Sin embargo, una parte de mí comenzaba a ponerlo en duda. Me había besado de manera tan apasionada que dudaba de que me hubiese elegido solamente por mi buen currículum. Se había interesado demasiado por lo que me sucedía, y parecía haberlo sentido de verdad al saber acerca de mi amnesia. No sabía si aquello significaba algo o si eran solamente imaginaciones mías.
—Sea cual sea el motivo por el que te escogió, eres buena —insistió Ariadna—. Podrás hacerlo.
—Es lo que espero.
No fui capaz de contarle nada más.
Aquella noche, me costó conciliar el sueño. No podía dejar de pensar en aquel beso y en que, en aquel momento, habría dejado que Zigor Garay continuase haciendo lo que desease conmigo. Incluso lo habría dejado desangrarme bebiendo mi sangre, algo que ahora me resultaba impensable. Había tenido un momento de debilidad en el que había sido muy vulnerable, y no podía permitir que me sucediese de nuevo algo así.
Al día siguiente me encontraba nerviosa. No sabía qué esperar. Era posible que Zigor Garay actuase con total normalidad, como si no hubiese sucedido absolutamente nada, pero era más probable que no lo hiciese. Podía ordenarme no decir nada y volver a beber mi sangre o hacer cualquier cosa que desease. ¿Y qué podría hacer yo, en tal caso? Absolutamente nada. No podía dejar el trabajo siquiera.

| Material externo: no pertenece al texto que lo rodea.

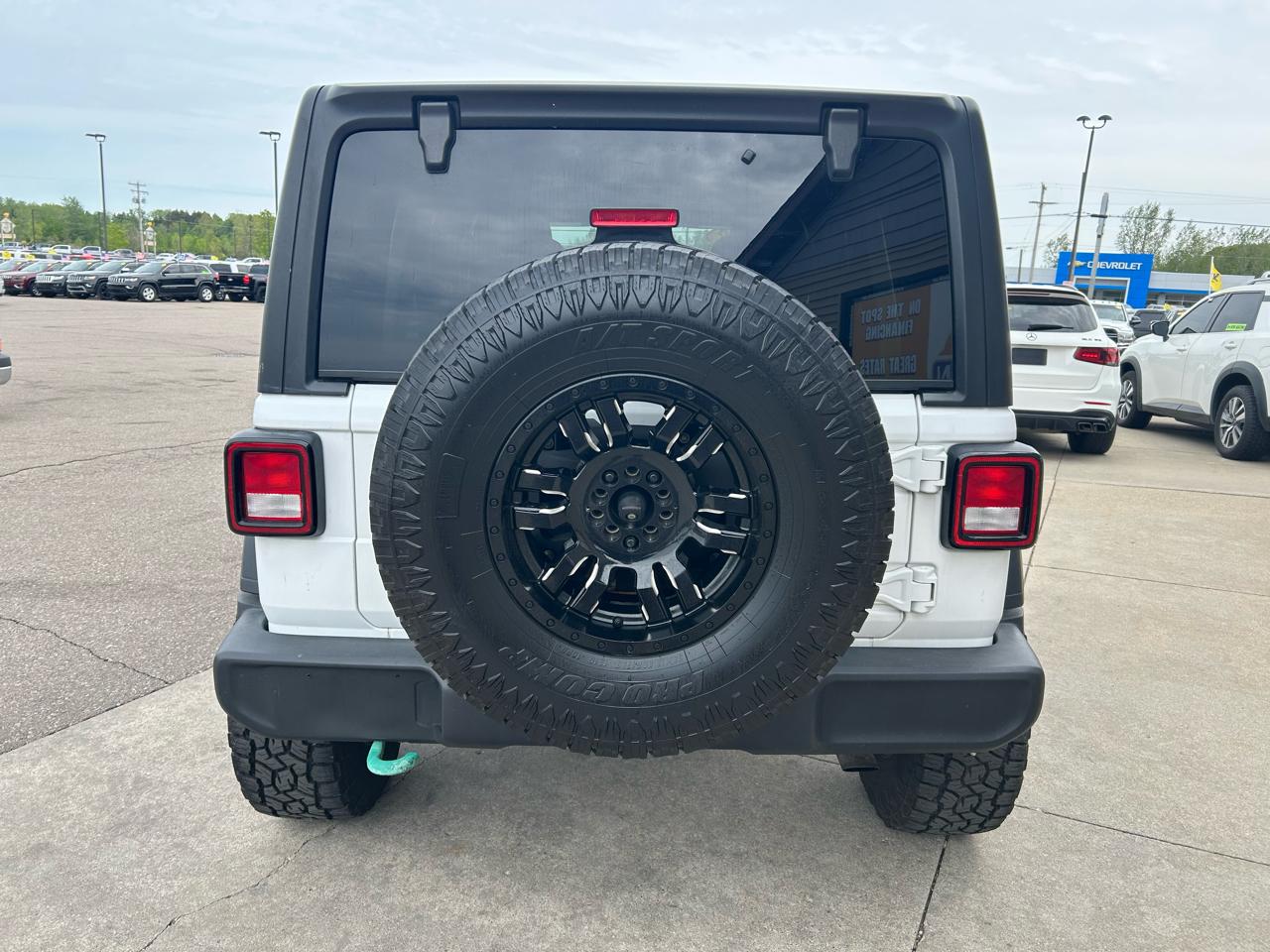 Jeep Wrangler Unlimited Sport 2018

Cuando llegué a la empresa, Estíbaliz se encontraba trabajando. Debía de haber comenzado pronto aquel día. Levantó la vista en cuanto me oyó llegar.
—El señor Garay te espera en su despacho —me informó—. Quería que fueses a verlo antes de comenzar a trabajar.
—Bien, gracias.
No esperaba verlo hasta horas más tarde, pero debía acudir. No tenía otra opción.
Llamé con los nudillos a la puerta de su despacho, y entré cuando escuché su voz dándome permiso para entrar. Me encontré, una vez más, a solas con él. Pero en aquella ocasión, sabiendo qué era capaz de hacer, mi nerviosismo era mayor que en los días previos.
—¿Quería verme, señor? —pregunté, fingiendo que no ocurría nada.